[Opening Extracted records section]

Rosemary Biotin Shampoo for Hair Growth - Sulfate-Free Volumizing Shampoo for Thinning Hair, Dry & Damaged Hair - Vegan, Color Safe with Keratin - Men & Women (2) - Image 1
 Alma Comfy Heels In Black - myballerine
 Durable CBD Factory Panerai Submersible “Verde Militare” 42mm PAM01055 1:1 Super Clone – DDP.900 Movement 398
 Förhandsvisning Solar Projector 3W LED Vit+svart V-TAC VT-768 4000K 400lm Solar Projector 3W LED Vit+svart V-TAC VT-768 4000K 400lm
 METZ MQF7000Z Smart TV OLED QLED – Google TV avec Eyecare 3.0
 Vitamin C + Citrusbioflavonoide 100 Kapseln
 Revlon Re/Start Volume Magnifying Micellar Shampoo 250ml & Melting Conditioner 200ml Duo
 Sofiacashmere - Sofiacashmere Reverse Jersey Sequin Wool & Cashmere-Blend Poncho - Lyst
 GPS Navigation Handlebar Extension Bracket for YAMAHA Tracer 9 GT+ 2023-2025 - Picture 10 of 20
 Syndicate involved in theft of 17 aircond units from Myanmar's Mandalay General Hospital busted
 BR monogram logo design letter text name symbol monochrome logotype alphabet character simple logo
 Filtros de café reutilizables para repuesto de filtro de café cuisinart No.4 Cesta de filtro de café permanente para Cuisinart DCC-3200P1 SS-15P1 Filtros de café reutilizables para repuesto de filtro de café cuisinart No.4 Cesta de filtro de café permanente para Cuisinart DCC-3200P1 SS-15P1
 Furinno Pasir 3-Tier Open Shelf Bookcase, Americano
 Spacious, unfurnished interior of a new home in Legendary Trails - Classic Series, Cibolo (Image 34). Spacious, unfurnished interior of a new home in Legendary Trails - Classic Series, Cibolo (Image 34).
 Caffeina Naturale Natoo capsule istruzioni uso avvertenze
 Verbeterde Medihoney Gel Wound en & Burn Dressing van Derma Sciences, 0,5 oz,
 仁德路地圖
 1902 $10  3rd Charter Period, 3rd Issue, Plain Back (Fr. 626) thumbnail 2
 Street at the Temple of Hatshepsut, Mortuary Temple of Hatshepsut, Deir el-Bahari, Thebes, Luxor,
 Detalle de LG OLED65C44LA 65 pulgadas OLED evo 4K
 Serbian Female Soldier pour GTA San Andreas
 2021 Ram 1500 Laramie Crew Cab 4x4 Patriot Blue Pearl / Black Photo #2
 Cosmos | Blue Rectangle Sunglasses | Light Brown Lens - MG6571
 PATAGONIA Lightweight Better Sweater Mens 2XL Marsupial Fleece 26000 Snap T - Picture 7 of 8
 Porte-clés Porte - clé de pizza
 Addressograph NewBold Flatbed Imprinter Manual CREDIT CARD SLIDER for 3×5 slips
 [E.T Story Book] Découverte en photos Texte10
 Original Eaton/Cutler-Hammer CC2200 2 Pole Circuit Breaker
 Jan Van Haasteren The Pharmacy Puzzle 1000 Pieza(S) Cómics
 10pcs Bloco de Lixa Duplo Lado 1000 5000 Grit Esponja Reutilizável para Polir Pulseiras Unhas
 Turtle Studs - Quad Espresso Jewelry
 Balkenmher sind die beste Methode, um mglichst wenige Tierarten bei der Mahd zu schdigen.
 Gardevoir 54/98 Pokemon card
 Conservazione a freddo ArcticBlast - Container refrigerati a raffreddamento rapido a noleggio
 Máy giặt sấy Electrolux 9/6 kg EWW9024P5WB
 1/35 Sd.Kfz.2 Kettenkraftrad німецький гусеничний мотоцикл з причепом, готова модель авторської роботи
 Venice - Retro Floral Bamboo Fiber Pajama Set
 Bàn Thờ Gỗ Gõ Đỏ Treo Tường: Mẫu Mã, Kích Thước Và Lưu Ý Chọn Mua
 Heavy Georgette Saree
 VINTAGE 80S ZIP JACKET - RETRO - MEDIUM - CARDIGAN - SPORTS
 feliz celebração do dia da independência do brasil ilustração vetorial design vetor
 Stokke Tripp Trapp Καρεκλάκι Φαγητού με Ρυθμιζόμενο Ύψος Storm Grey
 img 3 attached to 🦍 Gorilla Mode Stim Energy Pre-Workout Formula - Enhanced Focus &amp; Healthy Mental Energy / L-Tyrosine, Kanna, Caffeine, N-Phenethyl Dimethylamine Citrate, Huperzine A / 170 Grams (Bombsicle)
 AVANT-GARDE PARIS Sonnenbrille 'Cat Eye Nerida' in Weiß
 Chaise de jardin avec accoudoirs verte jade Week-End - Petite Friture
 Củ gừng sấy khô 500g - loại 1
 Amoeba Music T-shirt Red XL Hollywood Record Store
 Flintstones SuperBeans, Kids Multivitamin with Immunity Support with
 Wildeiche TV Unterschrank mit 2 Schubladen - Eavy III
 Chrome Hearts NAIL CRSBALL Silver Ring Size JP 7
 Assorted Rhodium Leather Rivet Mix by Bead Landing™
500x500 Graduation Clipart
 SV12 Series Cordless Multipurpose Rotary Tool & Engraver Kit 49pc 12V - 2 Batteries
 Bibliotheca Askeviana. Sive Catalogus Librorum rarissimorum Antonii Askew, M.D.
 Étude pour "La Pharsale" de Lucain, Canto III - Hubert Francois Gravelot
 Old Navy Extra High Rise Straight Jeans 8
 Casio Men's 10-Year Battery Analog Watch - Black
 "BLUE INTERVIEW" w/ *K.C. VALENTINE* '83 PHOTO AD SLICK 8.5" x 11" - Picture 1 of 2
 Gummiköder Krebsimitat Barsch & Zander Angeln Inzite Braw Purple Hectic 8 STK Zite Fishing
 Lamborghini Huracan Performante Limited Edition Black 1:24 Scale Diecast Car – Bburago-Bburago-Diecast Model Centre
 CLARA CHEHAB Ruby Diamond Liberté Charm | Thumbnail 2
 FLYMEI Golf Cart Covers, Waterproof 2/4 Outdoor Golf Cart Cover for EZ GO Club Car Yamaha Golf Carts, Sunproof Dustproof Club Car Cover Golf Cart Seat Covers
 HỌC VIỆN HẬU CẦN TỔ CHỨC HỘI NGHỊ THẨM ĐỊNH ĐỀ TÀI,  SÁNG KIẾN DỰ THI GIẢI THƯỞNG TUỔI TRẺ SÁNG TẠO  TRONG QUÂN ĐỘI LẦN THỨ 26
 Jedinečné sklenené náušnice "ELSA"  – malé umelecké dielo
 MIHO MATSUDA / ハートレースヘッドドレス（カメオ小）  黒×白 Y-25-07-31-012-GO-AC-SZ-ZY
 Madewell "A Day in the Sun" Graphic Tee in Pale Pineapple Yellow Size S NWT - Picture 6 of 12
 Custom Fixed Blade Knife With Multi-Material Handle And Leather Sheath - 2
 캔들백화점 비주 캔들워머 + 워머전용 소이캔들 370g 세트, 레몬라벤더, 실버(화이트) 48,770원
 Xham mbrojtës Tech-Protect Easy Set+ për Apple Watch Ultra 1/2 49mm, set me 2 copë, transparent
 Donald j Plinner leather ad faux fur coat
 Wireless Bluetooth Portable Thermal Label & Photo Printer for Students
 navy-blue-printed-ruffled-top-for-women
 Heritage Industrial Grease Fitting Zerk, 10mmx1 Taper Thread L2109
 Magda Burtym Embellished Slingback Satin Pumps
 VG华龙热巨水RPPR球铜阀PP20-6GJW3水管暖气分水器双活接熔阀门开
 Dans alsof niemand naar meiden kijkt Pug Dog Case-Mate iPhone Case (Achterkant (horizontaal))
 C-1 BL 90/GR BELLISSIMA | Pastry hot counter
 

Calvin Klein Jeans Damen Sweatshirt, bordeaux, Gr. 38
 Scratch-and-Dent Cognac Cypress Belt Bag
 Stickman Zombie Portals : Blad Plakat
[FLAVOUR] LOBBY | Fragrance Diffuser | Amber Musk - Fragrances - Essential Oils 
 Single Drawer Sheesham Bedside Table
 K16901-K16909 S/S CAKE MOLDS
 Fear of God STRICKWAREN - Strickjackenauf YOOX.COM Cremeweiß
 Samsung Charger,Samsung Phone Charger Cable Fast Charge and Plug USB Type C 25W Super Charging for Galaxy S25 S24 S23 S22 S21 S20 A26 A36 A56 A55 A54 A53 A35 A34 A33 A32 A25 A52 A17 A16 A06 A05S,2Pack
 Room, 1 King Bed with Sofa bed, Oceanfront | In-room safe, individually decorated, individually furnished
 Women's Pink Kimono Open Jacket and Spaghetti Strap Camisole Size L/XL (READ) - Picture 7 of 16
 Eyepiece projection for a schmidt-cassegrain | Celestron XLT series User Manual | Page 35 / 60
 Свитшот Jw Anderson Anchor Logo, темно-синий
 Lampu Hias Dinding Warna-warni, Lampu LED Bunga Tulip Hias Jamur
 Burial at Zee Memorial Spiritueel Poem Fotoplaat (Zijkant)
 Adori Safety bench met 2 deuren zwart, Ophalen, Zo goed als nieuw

[Closing Extracted records section]

> Required work: Repeat word for word every line from the start of the entries to the line holding "Durable CBD Factory", inclusive, and nothing else.

> Result:
Rosemary Biotin Shampoo for Hair Growth - Sulfate-Free Volumizing Shampoo for Thinning Hair, Dry & Damaged Hair - Vegan, Color Safe with Keratin - Men & Women (2) - Image 1
 Alma Comfy Heels In Black - myballerine
 Durable CBD Factory Panerai Submersible “Verde Militare” 42mm PAM01055 1:1 Super Clone – DDP.900 Movement 398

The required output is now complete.